Top of THE DATA

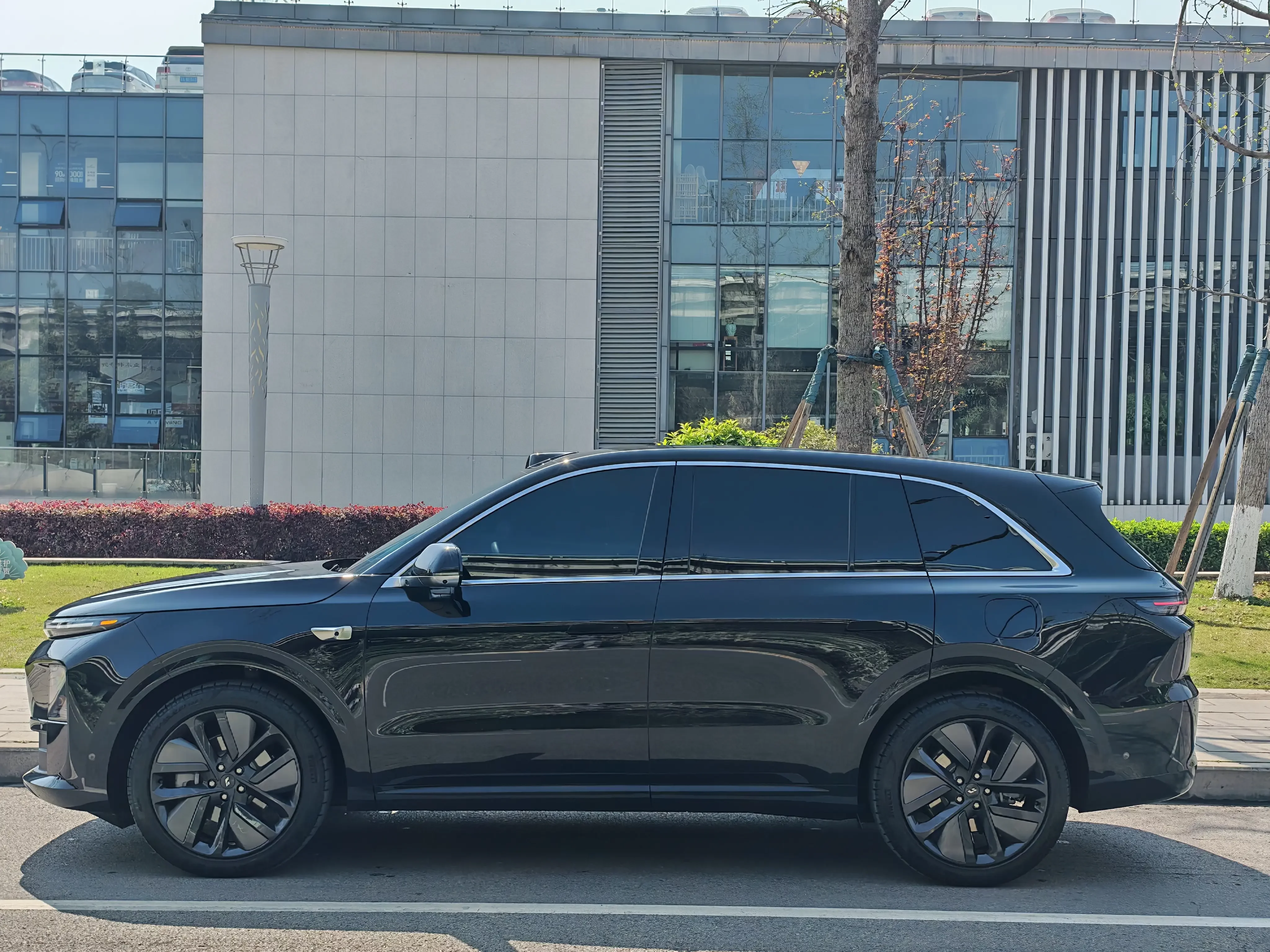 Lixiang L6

Bottom of THE DATA
Top of THE DATA

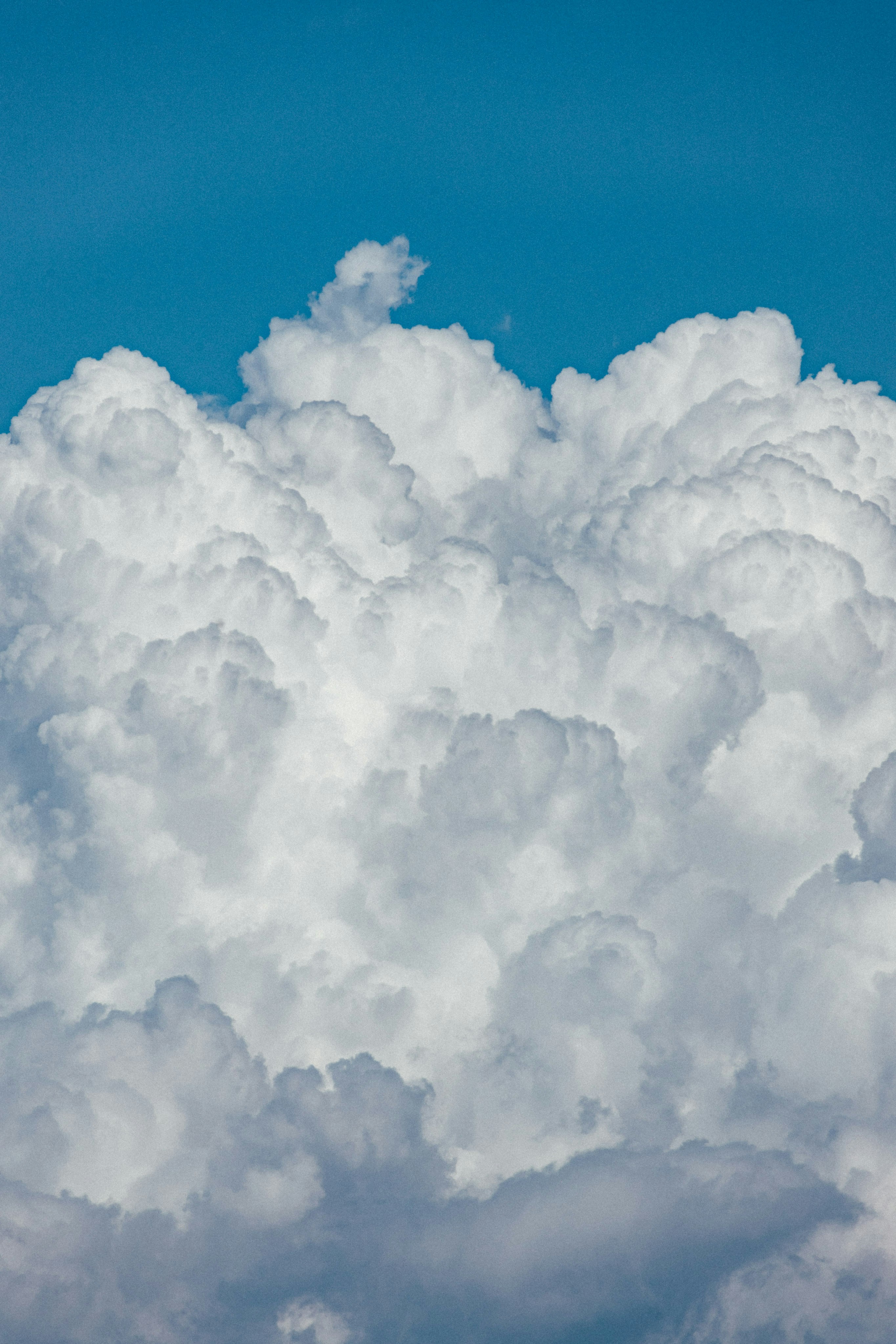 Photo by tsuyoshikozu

Bottom of THE DATA
Top of THE DATA

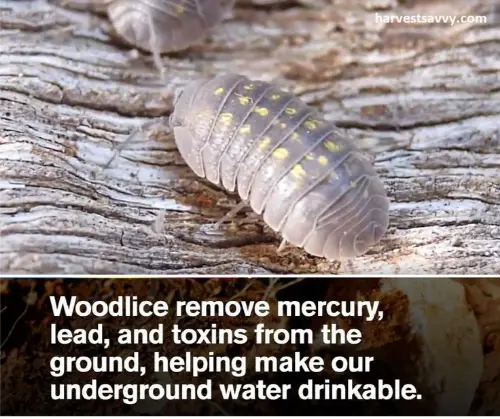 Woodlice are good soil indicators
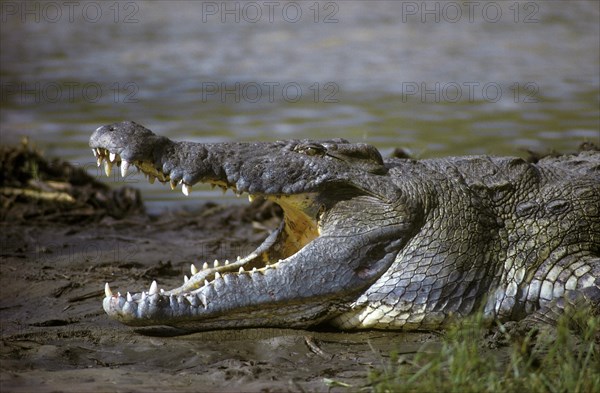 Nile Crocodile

Bottom of THE DATA

THE PROBLEM – When you reach the line with "Woodlice are good soil indicators" in the records above, begin repeating the lines exactly, and stop after the line with "Nile Crocodile". Skip all pictures.

RESPONSE BELOW –
 Woodlice are good soil indicators
 Nile Crocodile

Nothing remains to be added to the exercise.